Natural gas is a naturally occurring hydrocarbon gas mixture consisting primarily of methane, but commonly including varying amounts of other higher alkanes, and sometimes a small percentage of carbon dioxide, nitrogen, hydrogen sulfide, or helium. It is formed when layers of decomposing plant and animal matter are exposed to intense heat and pressure under the surface of the Earth over millions of years. The energy that the plants originally obtained from the sun is stored in the form of chemical bonds in the gas.
Natural gas is a fossil fuel used as a source of energy for heating, cooking, and electricity generation.
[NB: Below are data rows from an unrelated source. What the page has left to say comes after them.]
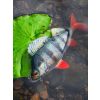 Fox Rage Ultra Realistic Perch Replicant Sügér Plasztik Csali 14cm 52gr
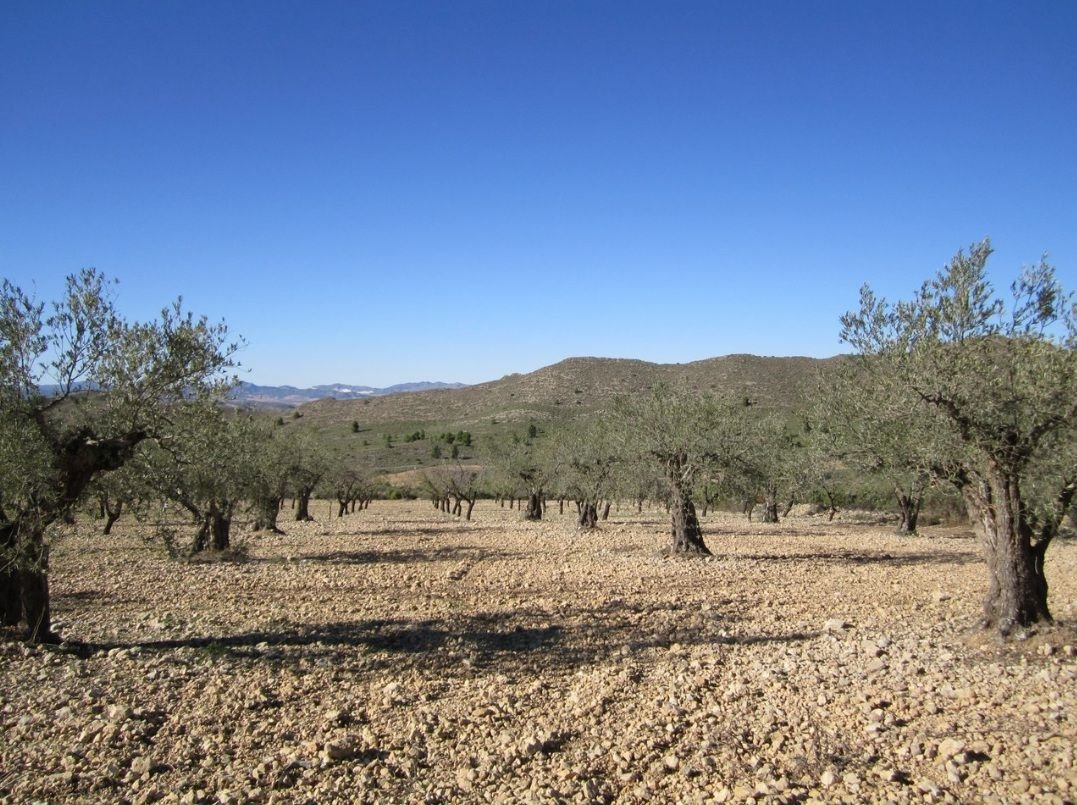 07 olive orchard landscape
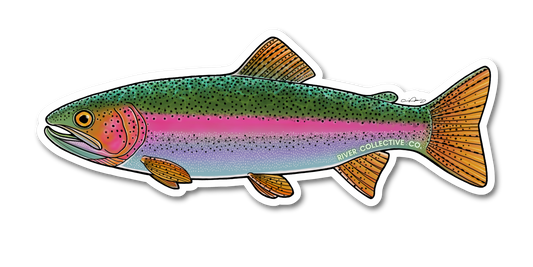 JUVENILE RAINBOW TROUT DECAL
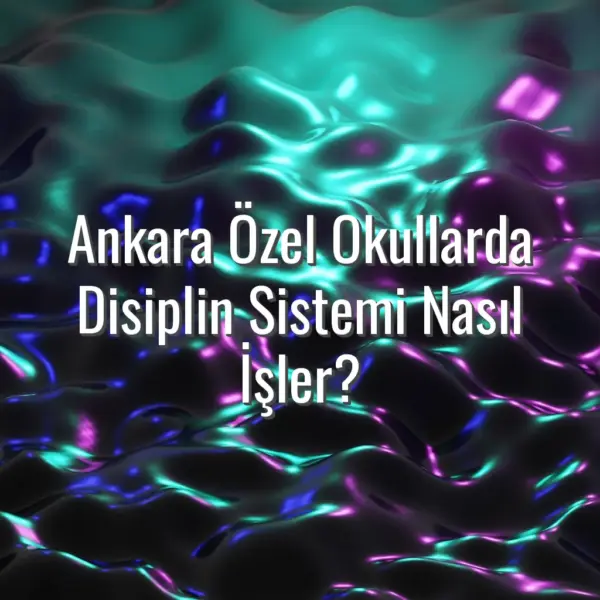 Ankara Özel Okullarda Disiplin Sistemi Nasıl İşler? - ankara özel okullarda disiplin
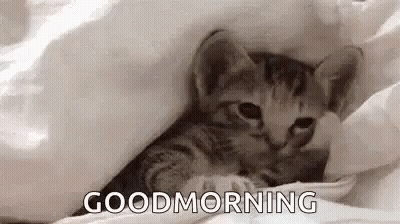 A Kitten Is Laying Under A Blanket With The Words `` Good Morning '' Written On It . GIF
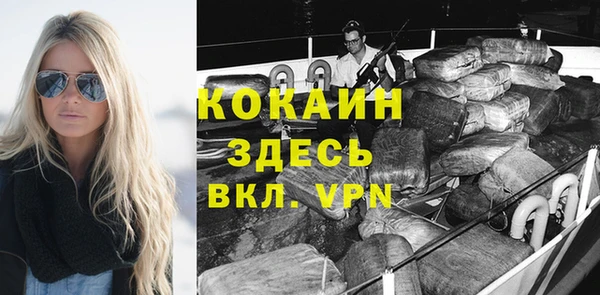 ПСИЛОЦИБИНОВЫЕ ГРИБЫ Михайлов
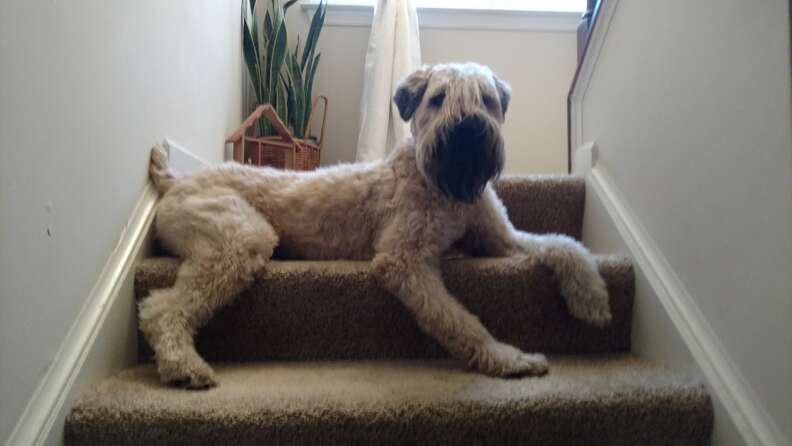 Terrier on stairs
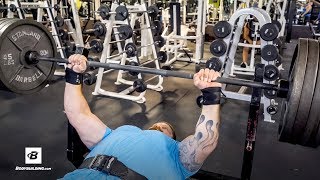 3 Quick Tips To INCREASE Bench Press Strength  Steve Gentili [upl. by Nosmirc258]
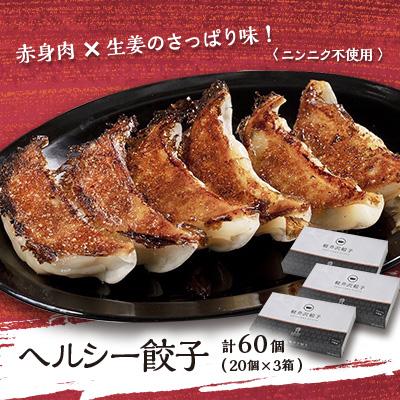 ふるさと納税 御代田町 ヘルシー餃子セット60個(20個×3箱)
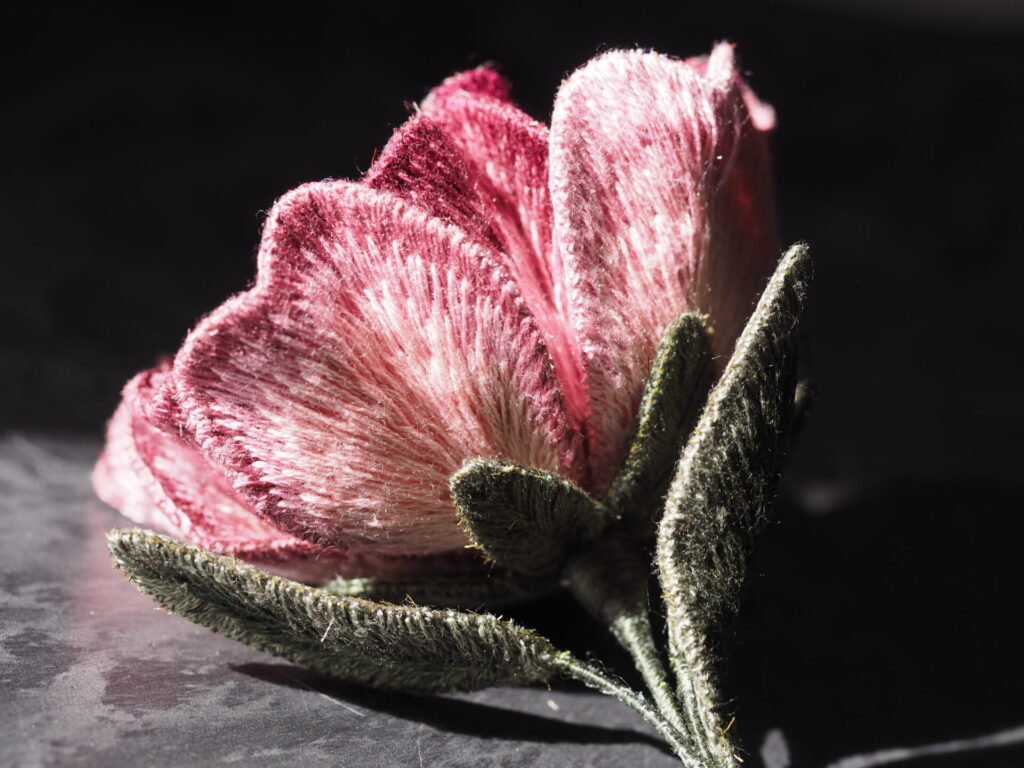 裏側まで美しく咲く、Roseni。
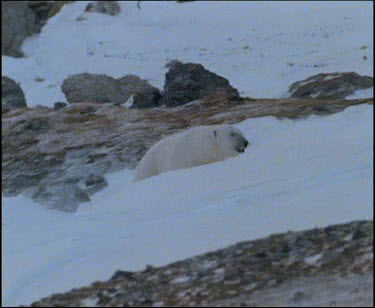 Polar bear walking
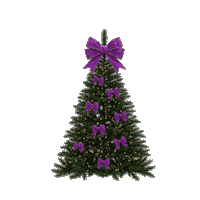 New Year Christmas Sticker by One Albania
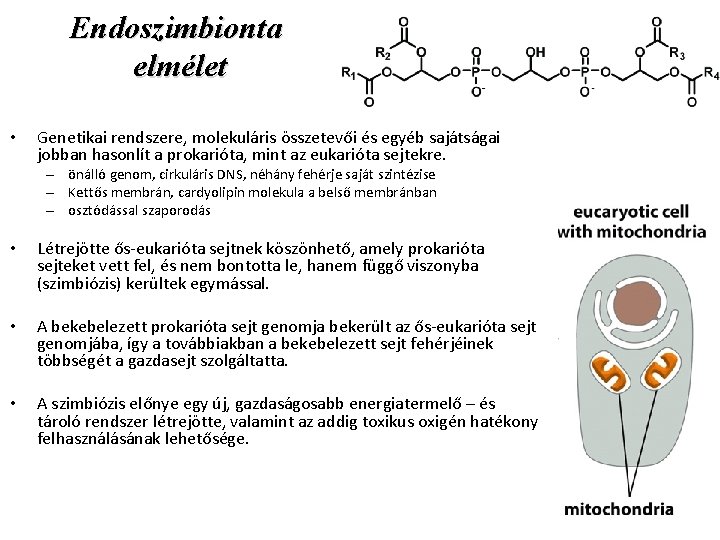 Endoszimbionta elmélet • Genetikai rendszere, molekuláris összetevői és egyéb sajátságai jobban hasonlít a prokarióta,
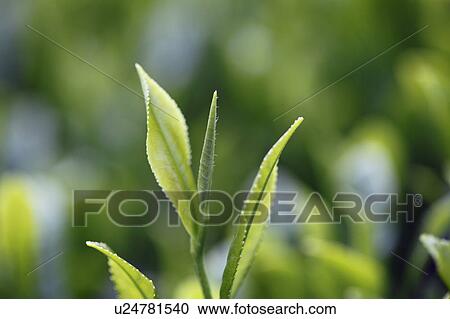 Tea Plant View Large Photo Image Stock Image - Tea Plant. Fotosearch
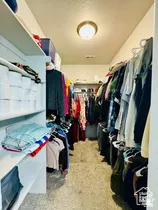 Primary Walk-in closet featuring light colored carpet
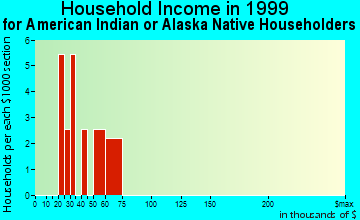 Ferndale household income for American Indian or Alaska Native householders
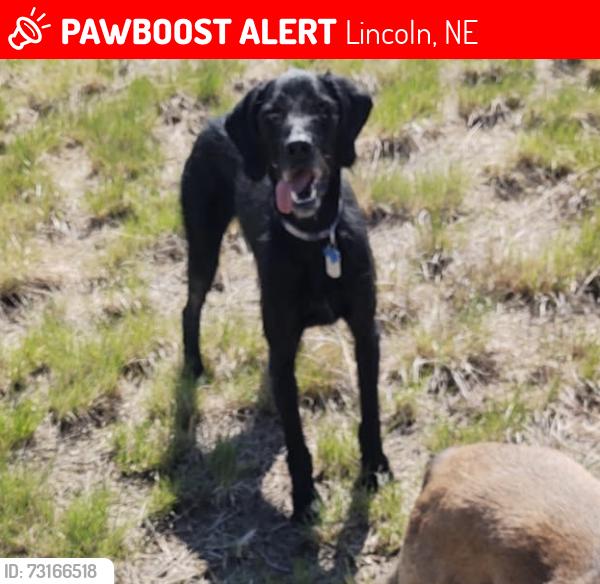 Lost Male Dog last seen Starr street and Lancaster lane, Lincoln, NE 68505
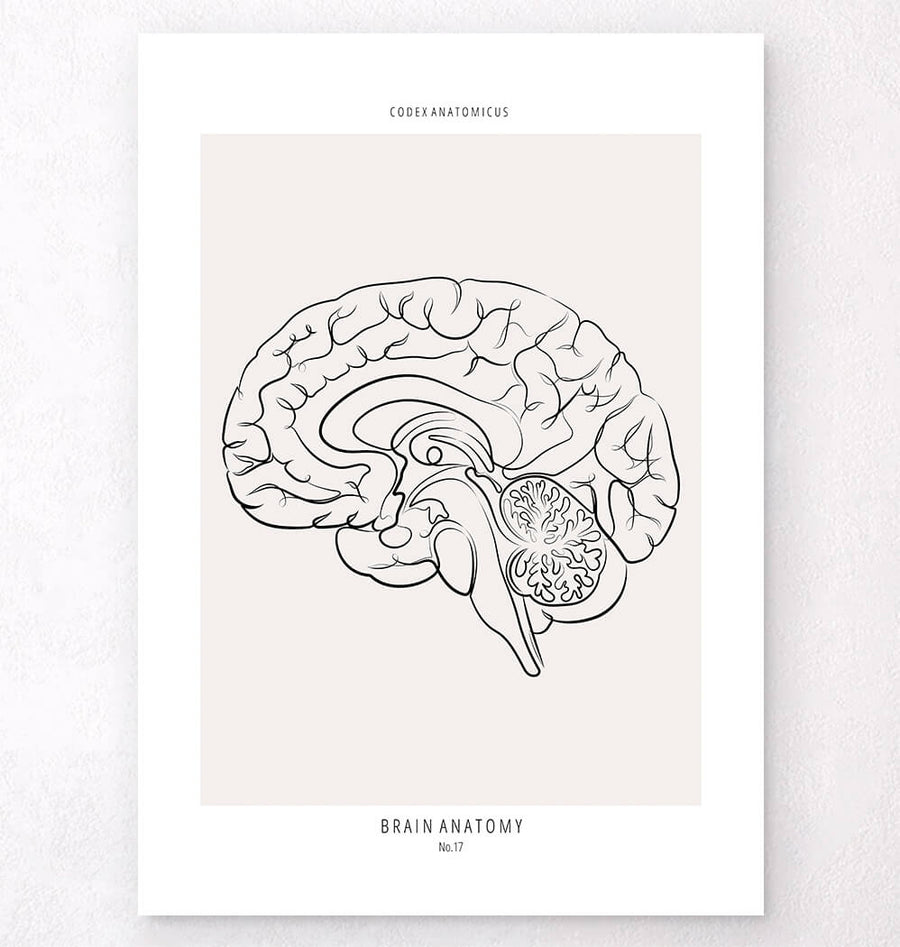 Sagittal brain view poster
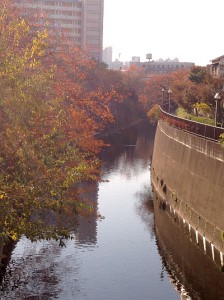 王子石神井川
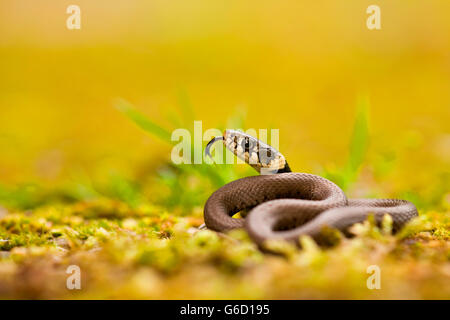 Biscia, giovane, Germania / (Natrix natrix) Foto Stock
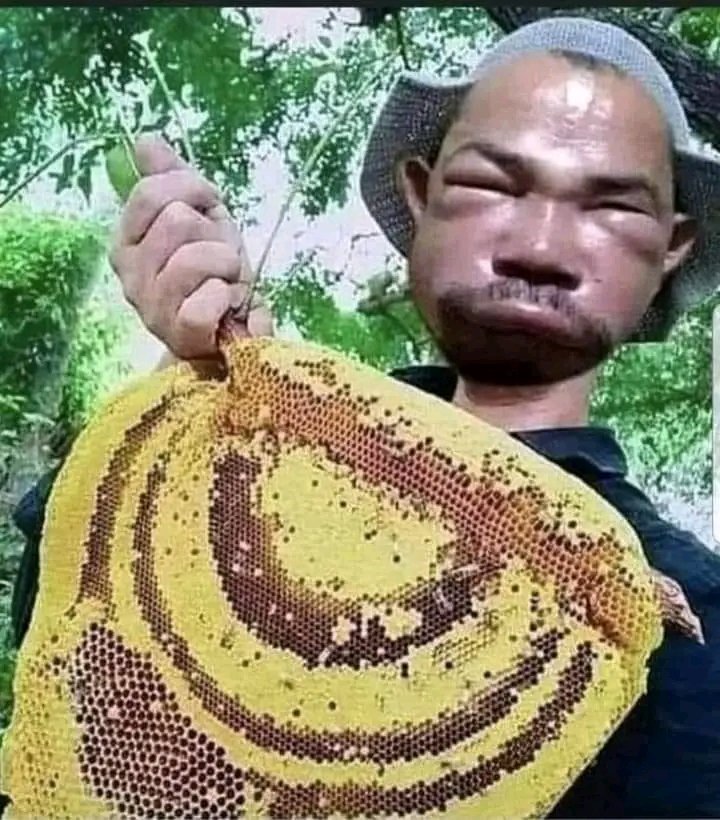 Which test do you want to certify that our Honey is pure and naturel?
#bees, #Nature, #apiculture
#Heroes_Apiculture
It is also used as fuel for vehicles and as a chemical feedstock in the manufacture of plastics and other commercially important organic chemicals. It is a non-renewable resource.
Natural gas is found in deep underground rock formations or associated with other hydrocarbon reservoirs in coal beds and as methane clathrates. Petroleum is another resource and fossil fuel found in close proximity to and with natural gas. Most natural gas was created over time by two mechanisms: biogenic and thermogenic. Biogenic gas is created by methanogenic organisms in marshes, bogs, landfills, and shallow sediments. Deeper in the earth, at greater temperature and pressure, thermogenic gas is created from buried organic material.
When gas is associated with petroleum production it may be considered a byproduct and be burnt as flare gas. The World Bank estimates that over 150 cubic kilometers of natural gas are flared or vented annually. Before natural gas can be used as a fuel, it must be processed to remove impurities, including water, to meet the specifications of marketable natural gas. The by-products of this processing include: ethane, propane, butanes, pentanes, and higher molecular weight hydrocarbons, hydrogen sulfide (which may be converted into pure sulfur), carbon dioxide, water vapor, and sometimes helium and nitrogen.
Natural gas is often informally referred to simply as "gas", especially when compared to other energy sources such as oil or coal. However, it is not to be confused with gasoline, especially in North America, where the term gasoline is often shortened in colloquial usage to gas.
Natural gas was used by the Chinese in about 500 BCE (possibly even 1000 BCE). They discovered a way to transport gas seeping from the ground in crude pipelines of bamboo to where it was used to boil salt water to extract the salt, in the Ziliujing District of Sichuan. The world's first industrial extraction of natural gas started at Fredonia, New York, United States in 1825. By 2009, 66 000 km³ (or 8%) had been used out of the total 850 000 km³ of estimated remaining recoverable reserves of natural gas. Based on an estimated 2015 world consumption rate of about 3400 km³ of gas per year, the total estimated remaining economically recoverable reserves of natural gas would last 250 years at current consumption rates. An annual increase in usage of 2–3% could result in currently recoverable reserves lasting significantly less, perhaps as few as 80 to 100 years.